Usually I create Oracle tables by means of a script and then run that script from the SQL*Plus command line by means of SQL> @script_name
.
Now we have a table that needs to be partitioned if we're using the Oracle Enterprise Edition. Within our development environment we have the Standard Edtion and the table can therefore not be partitioned.
I therefore created 2 different scripts:
foo_partitioned.sql
CREATE TABLE foo
(
x NUMBER NOT NULL
)
PARTITION BY RANGE (x)
(
PARTITION part_1 VALUES LESS THAN (10),
PARTITION part_2 VALUES LESS THAN (20),
PARTITION part_3 VALUES LESS THAN (30)
);
ALTER TABLE foo ADD CONSTRAINT pk_foo PRIMARY KEY (x);
foo_not_partitioned.sql
CREATE TABLE foo
(
x NUMBER NOT NULL
);
ALTER TABLE foo ADD CONSTRAINT pk_foo PRIMARY KEY (x);
Then, within a separate script, I call one of the above based on the Oracle Edition:
create_foo.sql
DECLARE
vEnterprise NUMBER;
BEGIN
SELECT COUNT(*)
INTO vEnterprise
FROM v$version
WHERE banner LIKE 'Oracle%Enterprise Edition%';
IF (vEnterprise = 0) THEN
@foo_not_partitioned.sql;
ELSE
@foo_partitioned.sql;
END IF;
END;
/
This gives me error:
ORA-06550: line 11, column 1:
PLS-00103: Encountered the symbol "CREATE" ......

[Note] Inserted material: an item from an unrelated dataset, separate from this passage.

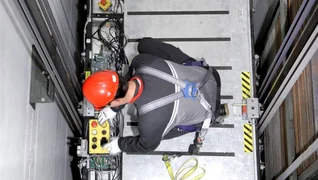 2025-05-22_13-35-22_711529.jpg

This happens of course because "CREATE TABLE" is not valid within PL/SQL.
I could compose a string with the create statement and then call EXECUTE IMMEDIATE
but I was wondering if this is possible without changing the 2 original scripts.
I mean, is this possible modifying only the wrapping script create_foo.sql?
column script_name new_value script_name
select case count(*)
when 0 then 'foo_not_partitioned.sql'
else 'foo_partitioned.sql'
end script_name
from v$version
where banner like 'Oracle%Enterprise Edition%';
@&script_name
This should work. It dynamically puts the right script name in a SQL*Plus variable and then executes the script with that name.